Why were these features added?

During that period of time, the GFW was blocking a lot of Shadowsocks servers. It was then discovered by @gfw-report that prepending 6 bytes of printable charaters to the stream could exempt the TCP connection from blocking. @gfw-report notified several developers about the discovery. A few of them made the decision to implement the "feature". It was kind of understandable, since not getting blocked is one of the most important goals of censorship circumvention protocols. But the way it was executed was horrible and extremely short-sighted.

Why is this bad?

First of all, there are better ways to achieve the desired effect. We could have worked out a better solution in the beginning if we held public discussions.

This workaround already requires modified clients. Instead of modifying existing clients, we could just run another pair of client and server. The client accepts a connection, opens a connection, writes out the pre-shared prefix, then splice(2)'s the connections together. The server accepts a connection, reads and validates the prefix, opens a connection, then splice(2)'s the connections together. On non-Linux platforms we have to fallback to socket reads and writes, but otherwise this has almost zero overhead, does not introduce vulnerabilities to the protocol itself, and requires coordination of both client and server (which is important and you'll see why later). One can easily implement this in less than 100 lines of Go code, since Go already took care of the splice(2) and fallback part.

But instead of doing all that, we had a bunch of email exchanges behind closed doors, then a subpar solution was implemented by two of the most used Shadowsocks implementations. There are so many things wrong with the current implementation:

  1. It makes Shadowsocks identifiable.
  2. The server has no control of whether a client can use this feature, let alone knowing whether a client is using it.
  3. It's easy to enable and use. It's not at all uncommon for shadowsocks-rust users to build their own binaries. All it takes is adding --features security-iv-printable-prefix. With V2Ray it's as easy as flipping a switch.
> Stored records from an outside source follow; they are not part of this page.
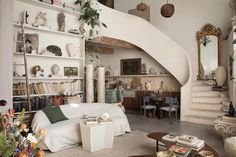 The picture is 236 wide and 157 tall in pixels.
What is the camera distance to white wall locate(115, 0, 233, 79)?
7.53 m

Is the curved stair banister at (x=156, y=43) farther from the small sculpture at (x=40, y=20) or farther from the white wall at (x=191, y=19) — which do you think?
the small sculpture at (x=40, y=20)

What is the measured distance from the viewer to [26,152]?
119cm

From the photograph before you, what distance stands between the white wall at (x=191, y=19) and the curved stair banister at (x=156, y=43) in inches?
34.0

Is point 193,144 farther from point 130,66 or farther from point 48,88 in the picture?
point 130,66

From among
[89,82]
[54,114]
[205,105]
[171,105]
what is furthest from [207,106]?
[54,114]

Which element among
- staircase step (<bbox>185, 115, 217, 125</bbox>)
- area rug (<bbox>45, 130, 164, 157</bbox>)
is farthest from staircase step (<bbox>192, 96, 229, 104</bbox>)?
area rug (<bbox>45, 130, 164, 157</bbox>)

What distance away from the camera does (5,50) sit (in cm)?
332

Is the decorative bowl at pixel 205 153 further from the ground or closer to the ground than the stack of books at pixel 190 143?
closer to the ground

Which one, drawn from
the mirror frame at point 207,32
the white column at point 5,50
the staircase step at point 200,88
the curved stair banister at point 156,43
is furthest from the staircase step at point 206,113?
the white column at point 5,50

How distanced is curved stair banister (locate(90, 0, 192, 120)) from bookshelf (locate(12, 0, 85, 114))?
4.97ft

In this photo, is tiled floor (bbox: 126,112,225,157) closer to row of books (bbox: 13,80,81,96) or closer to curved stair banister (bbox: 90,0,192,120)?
curved stair banister (bbox: 90,0,192,120)

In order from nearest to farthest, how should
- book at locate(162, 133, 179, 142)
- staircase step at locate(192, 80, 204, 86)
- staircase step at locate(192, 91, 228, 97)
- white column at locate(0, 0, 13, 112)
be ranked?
white column at locate(0, 0, 13, 112) → book at locate(162, 133, 179, 142) → staircase step at locate(192, 91, 228, 97) → staircase step at locate(192, 80, 204, 86)

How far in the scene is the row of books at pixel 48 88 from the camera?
4.50 meters

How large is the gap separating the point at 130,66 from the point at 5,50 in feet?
21.6
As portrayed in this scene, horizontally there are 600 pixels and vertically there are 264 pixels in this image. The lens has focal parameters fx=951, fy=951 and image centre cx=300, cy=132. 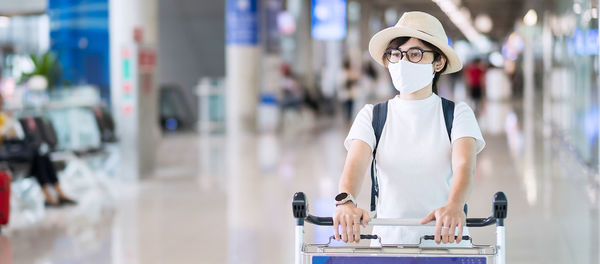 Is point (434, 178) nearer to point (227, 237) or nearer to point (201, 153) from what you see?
point (227, 237)

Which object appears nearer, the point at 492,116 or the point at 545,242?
the point at 545,242

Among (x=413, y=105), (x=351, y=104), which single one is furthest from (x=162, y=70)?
(x=413, y=105)

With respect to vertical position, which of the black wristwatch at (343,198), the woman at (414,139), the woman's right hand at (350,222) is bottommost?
the woman's right hand at (350,222)

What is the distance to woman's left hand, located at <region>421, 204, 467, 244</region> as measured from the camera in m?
2.35

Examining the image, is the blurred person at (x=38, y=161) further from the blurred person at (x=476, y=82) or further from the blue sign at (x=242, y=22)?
the blurred person at (x=476, y=82)

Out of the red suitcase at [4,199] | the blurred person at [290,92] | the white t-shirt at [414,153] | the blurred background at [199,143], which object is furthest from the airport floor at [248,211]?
the blurred person at [290,92]

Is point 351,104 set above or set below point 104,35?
below

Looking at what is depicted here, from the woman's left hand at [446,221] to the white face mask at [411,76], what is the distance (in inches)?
16.0

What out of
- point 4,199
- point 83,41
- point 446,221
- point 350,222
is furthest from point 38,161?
point 83,41

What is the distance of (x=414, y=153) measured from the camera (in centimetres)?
261

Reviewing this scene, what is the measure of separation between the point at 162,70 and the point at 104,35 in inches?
181

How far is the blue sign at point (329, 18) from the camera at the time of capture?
2119 centimetres

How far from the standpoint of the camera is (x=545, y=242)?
632 cm

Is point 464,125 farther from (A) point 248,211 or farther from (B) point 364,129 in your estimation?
(A) point 248,211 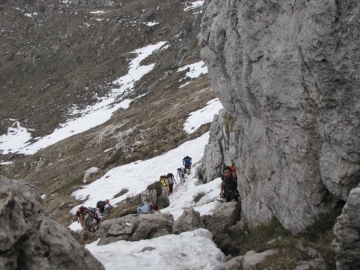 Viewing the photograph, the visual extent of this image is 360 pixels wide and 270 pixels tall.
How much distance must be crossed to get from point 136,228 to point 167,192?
969 centimetres

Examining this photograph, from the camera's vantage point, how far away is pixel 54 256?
761cm

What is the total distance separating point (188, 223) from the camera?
14375 mm

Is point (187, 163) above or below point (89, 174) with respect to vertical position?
above

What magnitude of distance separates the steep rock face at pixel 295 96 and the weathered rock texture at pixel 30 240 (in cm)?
633

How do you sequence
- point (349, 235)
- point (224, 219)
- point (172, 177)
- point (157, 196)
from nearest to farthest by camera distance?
point (349, 235)
point (224, 219)
point (157, 196)
point (172, 177)

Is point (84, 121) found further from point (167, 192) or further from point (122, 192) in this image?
point (167, 192)

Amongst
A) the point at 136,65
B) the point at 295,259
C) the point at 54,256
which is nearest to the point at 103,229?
the point at 54,256

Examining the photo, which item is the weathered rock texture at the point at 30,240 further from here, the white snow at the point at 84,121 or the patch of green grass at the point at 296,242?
the white snow at the point at 84,121

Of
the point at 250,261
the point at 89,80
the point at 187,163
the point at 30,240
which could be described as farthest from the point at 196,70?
the point at 30,240

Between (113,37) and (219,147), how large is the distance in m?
121

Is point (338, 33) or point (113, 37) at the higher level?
point (113, 37)

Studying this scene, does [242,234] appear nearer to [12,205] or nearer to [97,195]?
[12,205]

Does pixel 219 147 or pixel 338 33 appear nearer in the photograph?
pixel 338 33

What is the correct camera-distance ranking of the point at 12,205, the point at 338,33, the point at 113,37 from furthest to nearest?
1. the point at 113,37
2. the point at 338,33
3. the point at 12,205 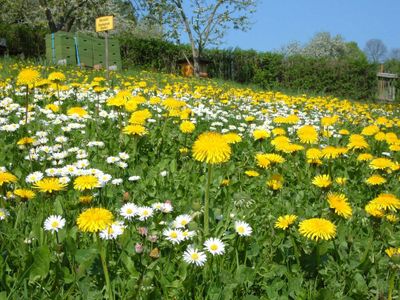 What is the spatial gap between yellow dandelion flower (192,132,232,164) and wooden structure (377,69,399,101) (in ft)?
58.4

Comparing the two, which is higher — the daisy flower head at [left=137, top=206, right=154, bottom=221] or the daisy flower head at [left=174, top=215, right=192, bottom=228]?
the daisy flower head at [left=137, top=206, right=154, bottom=221]

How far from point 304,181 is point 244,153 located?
679 mm

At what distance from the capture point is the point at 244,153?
3434mm

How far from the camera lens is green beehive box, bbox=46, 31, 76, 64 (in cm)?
1383

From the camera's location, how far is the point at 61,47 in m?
13.9

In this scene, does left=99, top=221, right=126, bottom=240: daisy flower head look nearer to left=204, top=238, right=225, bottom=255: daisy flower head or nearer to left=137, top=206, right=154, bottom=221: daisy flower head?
left=137, top=206, right=154, bottom=221: daisy flower head

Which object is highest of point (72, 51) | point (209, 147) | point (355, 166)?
point (72, 51)

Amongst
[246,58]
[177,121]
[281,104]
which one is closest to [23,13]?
[246,58]

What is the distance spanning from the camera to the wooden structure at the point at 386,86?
58.0 feet

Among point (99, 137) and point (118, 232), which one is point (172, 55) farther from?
point (118, 232)

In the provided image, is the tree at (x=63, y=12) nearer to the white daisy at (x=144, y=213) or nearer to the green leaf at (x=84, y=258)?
the white daisy at (x=144, y=213)

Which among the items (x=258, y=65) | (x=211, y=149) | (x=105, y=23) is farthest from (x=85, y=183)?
(x=258, y=65)

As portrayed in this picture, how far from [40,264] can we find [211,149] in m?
0.70

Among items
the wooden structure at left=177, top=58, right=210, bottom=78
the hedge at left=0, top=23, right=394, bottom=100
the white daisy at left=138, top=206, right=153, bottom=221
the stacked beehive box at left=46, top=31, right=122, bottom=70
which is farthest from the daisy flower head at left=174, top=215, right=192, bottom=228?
the wooden structure at left=177, top=58, right=210, bottom=78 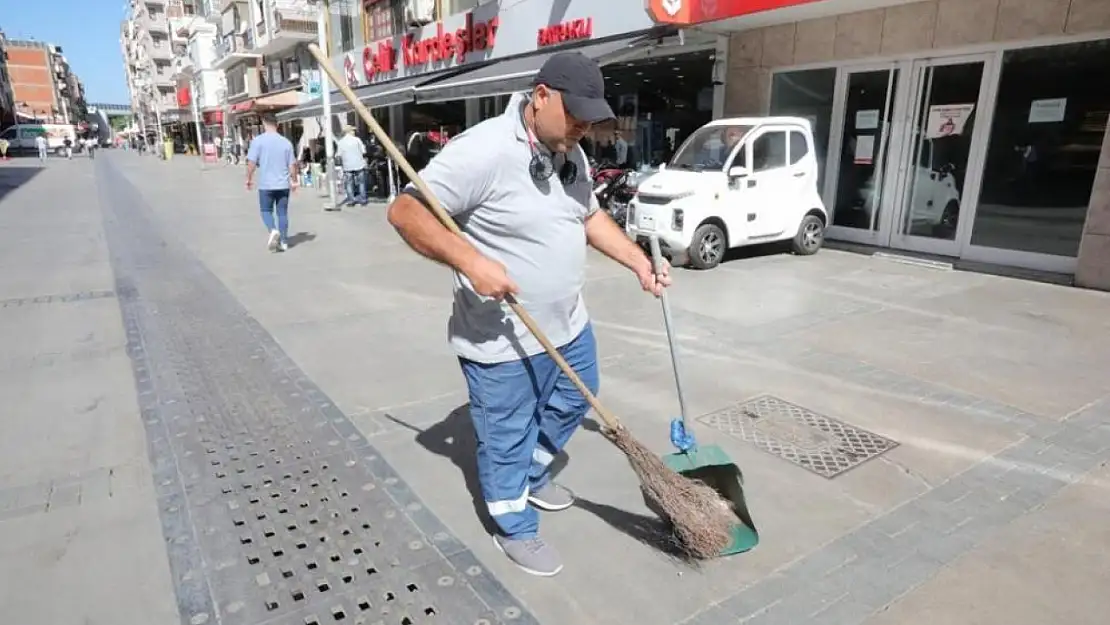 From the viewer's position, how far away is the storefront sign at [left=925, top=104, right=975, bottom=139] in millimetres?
8195

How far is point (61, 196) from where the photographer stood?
17.7 meters

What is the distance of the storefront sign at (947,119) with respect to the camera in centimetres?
820

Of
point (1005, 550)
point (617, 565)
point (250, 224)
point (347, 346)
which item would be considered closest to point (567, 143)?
point (617, 565)

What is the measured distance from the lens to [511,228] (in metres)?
2.20

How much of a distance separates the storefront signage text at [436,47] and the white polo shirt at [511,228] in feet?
44.5

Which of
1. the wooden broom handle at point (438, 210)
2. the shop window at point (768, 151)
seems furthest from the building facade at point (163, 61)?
the wooden broom handle at point (438, 210)

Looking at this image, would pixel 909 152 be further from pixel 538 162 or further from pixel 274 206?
pixel 274 206

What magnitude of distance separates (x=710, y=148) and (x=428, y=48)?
437 inches

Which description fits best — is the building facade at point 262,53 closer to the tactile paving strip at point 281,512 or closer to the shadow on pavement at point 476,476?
the tactile paving strip at point 281,512

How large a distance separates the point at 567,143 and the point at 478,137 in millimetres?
305

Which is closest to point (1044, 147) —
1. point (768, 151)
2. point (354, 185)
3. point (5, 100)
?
point (768, 151)

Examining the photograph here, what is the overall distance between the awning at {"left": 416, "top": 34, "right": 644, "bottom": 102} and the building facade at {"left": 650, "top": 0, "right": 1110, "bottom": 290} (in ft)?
3.99

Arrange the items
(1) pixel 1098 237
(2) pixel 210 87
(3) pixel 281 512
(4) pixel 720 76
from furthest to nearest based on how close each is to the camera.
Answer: (2) pixel 210 87, (4) pixel 720 76, (1) pixel 1098 237, (3) pixel 281 512

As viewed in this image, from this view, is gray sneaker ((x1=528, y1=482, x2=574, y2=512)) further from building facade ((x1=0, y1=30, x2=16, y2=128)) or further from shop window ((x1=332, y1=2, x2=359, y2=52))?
building facade ((x1=0, y1=30, x2=16, y2=128)) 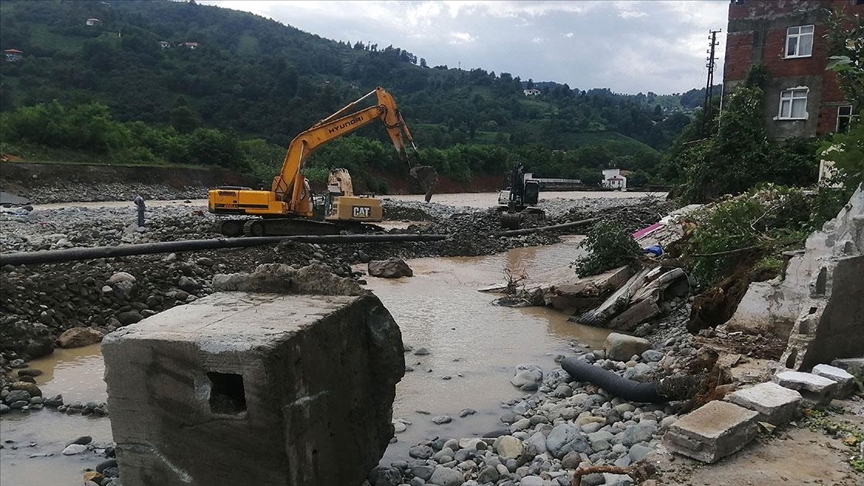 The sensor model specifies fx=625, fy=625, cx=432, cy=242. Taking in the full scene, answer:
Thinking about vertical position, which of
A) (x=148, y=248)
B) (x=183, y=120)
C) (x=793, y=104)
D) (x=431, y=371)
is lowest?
(x=431, y=371)

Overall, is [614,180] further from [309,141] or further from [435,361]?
[435,361]

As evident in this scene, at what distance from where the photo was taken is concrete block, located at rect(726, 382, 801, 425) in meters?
4.55

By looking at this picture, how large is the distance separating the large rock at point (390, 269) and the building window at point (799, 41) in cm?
1820

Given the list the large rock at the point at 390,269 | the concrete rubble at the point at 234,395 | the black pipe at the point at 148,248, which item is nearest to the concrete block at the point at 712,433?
the concrete rubble at the point at 234,395

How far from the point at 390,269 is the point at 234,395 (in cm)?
1083

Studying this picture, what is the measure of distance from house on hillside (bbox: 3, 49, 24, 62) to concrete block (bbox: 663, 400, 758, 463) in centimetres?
6475

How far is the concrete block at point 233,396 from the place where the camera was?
3.46m

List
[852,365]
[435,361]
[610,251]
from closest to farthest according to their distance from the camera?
[852,365], [435,361], [610,251]

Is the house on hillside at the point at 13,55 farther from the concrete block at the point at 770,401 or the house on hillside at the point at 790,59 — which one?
the concrete block at the point at 770,401

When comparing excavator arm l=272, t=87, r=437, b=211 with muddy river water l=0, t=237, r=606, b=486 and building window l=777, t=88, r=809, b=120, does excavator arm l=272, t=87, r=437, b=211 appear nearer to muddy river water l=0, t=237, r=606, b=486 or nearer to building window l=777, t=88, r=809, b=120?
muddy river water l=0, t=237, r=606, b=486

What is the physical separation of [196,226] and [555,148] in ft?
261

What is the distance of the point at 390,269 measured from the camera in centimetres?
1450

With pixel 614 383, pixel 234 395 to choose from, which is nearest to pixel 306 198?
pixel 614 383

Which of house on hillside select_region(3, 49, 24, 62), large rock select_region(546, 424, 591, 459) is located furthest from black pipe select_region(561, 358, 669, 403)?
house on hillside select_region(3, 49, 24, 62) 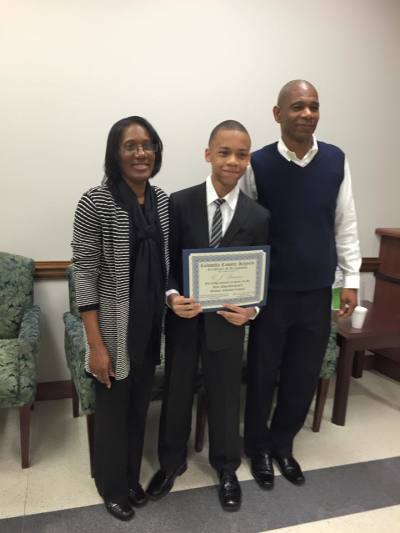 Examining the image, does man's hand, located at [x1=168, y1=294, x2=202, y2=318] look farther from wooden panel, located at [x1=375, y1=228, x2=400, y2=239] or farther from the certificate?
wooden panel, located at [x1=375, y1=228, x2=400, y2=239]

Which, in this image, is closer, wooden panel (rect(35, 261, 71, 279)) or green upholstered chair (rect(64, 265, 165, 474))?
green upholstered chair (rect(64, 265, 165, 474))

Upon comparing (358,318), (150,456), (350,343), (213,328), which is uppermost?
(213,328)

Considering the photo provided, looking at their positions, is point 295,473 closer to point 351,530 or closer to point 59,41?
point 351,530

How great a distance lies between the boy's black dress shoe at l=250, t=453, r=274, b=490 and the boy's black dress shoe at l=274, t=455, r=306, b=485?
57 millimetres

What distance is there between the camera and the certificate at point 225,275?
4.59 feet

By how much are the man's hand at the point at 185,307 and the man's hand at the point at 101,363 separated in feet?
0.90

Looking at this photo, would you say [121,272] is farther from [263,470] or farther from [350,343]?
[350,343]

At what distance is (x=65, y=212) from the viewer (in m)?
2.28

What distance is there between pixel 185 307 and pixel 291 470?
0.99 metres

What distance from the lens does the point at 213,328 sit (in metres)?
1.49

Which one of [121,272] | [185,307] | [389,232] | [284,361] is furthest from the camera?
[389,232]

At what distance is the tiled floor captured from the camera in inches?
64.2

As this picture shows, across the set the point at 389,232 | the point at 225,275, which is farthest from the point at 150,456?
the point at 389,232

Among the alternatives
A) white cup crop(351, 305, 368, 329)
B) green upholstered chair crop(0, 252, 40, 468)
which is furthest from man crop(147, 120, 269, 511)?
white cup crop(351, 305, 368, 329) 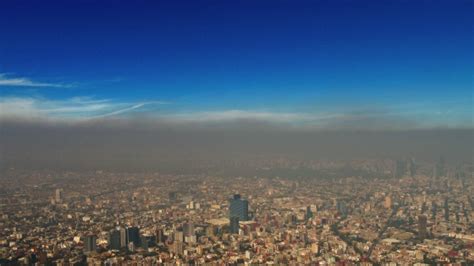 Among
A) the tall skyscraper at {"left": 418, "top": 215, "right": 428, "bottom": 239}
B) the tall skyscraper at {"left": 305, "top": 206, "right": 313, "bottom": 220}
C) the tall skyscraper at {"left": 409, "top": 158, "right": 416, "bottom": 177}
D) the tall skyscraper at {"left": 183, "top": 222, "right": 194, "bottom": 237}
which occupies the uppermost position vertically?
the tall skyscraper at {"left": 409, "top": 158, "right": 416, "bottom": 177}

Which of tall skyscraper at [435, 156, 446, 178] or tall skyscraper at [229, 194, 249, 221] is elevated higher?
tall skyscraper at [435, 156, 446, 178]

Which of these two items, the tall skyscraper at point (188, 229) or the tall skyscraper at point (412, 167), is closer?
the tall skyscraper at point (188, 229)

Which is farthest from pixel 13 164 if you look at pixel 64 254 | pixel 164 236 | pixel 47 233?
pixel 164 236

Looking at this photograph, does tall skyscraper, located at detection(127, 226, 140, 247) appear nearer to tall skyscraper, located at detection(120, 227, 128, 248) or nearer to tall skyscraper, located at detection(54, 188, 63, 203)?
tall skyscraper, located at detection(120, 227, 128, 248)

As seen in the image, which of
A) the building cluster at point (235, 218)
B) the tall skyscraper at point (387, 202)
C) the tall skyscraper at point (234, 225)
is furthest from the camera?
the tall skyscraper at point (387, 202)

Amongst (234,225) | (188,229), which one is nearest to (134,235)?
(188,229)

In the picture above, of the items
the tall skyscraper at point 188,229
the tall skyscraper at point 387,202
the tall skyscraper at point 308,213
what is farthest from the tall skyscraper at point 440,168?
the tall skyscraper at point 188,229

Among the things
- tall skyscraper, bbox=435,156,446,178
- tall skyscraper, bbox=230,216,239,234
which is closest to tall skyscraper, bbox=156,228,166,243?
tall skyscraper, bbox=230,216,239,234

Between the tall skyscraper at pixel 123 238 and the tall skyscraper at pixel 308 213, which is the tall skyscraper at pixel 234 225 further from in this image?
the tall skyscraper at pixel 123 238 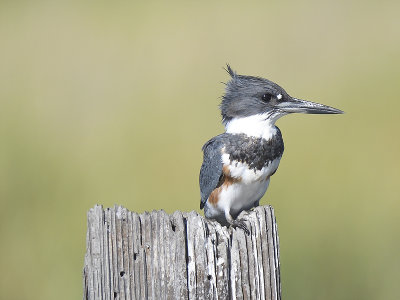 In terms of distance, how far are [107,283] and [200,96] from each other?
172 inches

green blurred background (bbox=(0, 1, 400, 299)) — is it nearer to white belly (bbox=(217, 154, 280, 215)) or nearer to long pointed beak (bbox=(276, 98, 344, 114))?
white belly (bbox=(217, 154, 280, 215))

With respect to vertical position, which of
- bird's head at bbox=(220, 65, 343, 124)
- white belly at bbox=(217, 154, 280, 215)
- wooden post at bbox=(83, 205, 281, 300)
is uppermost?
bird's head at bbox=(220, 65, 343, 124)

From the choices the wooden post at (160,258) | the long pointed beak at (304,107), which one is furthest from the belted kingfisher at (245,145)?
the wooden post at (160,258)

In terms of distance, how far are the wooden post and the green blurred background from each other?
254 centimetres

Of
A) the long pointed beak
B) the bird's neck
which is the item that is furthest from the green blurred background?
the long pointed beak

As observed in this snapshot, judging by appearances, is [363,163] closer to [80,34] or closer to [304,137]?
[304,137]

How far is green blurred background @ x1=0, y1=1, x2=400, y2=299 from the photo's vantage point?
5.19 m

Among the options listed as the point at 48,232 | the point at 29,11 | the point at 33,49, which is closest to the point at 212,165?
the point at 48,232

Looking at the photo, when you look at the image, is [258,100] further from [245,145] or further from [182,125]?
[182,125]

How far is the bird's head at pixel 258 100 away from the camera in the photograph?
3.79 metres

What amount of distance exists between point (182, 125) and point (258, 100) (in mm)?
2521

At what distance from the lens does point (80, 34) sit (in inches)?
306

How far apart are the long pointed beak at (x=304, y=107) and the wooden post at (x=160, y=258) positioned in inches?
56.4

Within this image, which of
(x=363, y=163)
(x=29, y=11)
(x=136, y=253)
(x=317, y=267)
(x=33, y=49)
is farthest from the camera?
(x=29, y=11) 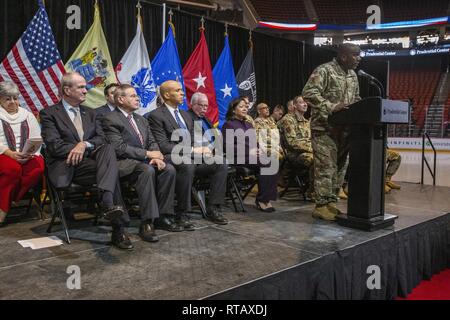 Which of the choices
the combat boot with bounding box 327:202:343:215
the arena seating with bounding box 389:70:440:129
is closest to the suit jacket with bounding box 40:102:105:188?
the combat boot with bounding box 327:202:343:215

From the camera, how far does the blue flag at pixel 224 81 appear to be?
554 cm

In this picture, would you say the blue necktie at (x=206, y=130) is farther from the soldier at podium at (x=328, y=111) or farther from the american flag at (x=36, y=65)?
the american flag at (x=36, y=65)

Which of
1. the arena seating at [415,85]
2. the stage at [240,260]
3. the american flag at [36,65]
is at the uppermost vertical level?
the arena seating at [415,85]

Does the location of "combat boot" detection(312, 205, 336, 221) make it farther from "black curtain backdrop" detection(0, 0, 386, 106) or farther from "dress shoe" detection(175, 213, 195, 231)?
"black curtain backdrop" detection(0, 0, 386, 106)

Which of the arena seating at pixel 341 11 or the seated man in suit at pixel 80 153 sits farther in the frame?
the arena seating at pixel 341 11

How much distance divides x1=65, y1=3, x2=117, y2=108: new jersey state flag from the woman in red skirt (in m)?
0.94

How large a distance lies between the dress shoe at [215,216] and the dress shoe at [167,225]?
363 millimetres

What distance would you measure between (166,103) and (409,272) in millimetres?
2307

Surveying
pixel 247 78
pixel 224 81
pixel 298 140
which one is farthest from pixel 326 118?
pixel 247 78

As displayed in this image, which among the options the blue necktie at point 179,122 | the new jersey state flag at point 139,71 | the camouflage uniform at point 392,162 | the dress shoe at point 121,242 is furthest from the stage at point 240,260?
the camouflage uniform at point 392,162

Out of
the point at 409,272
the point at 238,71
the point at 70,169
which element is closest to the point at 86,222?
the point at 70,169

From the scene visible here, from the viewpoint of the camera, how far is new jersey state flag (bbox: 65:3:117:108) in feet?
13.4

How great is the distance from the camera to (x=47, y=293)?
5.81 feet

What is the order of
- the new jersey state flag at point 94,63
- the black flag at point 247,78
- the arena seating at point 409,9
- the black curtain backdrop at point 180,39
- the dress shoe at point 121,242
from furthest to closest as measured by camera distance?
the arena seating at point 409,9 → the black flag at point 247,78 → the new jersey state flag at point 94,63 → the black curtain backdrop at point 180,39 → the dress shoe at point 121,242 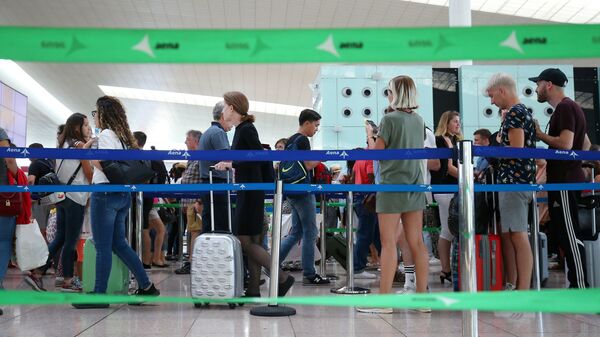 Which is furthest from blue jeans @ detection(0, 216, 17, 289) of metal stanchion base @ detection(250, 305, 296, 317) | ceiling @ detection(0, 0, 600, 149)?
ceiling @ detection(0, 0, 600, 149)

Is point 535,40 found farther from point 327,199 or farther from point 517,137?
point 327,199

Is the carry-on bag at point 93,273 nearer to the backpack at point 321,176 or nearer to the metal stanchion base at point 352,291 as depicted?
the metal stanchion base at point 352,291

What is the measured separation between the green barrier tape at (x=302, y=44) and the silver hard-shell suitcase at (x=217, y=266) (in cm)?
205

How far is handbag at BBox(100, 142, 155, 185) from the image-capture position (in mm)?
3861

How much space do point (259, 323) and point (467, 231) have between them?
51.3 inches

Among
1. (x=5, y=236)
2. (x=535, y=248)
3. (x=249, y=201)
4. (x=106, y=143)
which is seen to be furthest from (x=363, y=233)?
(x=5, y=236)

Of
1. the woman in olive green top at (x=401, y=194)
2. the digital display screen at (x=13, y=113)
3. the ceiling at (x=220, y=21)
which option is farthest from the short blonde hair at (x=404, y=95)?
the digital display screen at (x=13, y=113)

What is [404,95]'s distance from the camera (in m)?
3.75

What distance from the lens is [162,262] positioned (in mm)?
7875

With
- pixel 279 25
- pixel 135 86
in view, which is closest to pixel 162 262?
pixel 279 25

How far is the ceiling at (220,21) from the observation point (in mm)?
13688

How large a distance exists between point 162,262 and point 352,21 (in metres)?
8.63

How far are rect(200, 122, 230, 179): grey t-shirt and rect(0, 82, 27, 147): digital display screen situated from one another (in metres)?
11.9

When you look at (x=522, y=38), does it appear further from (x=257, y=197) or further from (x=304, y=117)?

What we were doing is basically planting vulnerabilities into our implementations. You might get away with the reduced salt entropy without measurable impacts on the encryption strength, but implementing it solely on the client side allows any user to compromise Shadowsocks servers by simply toggling this feature on. Your average user can now elect to become active probes for the adversary. Imagine the friend who's been freeloading your Shadowsocks server suddenly decides to enable this feature, without telling you as usual, of course.

What should be done about it?

  • Remove this engineered vulnerability from implementations.
  • In the future, any significant deviations from the spec should be discussed out in the open.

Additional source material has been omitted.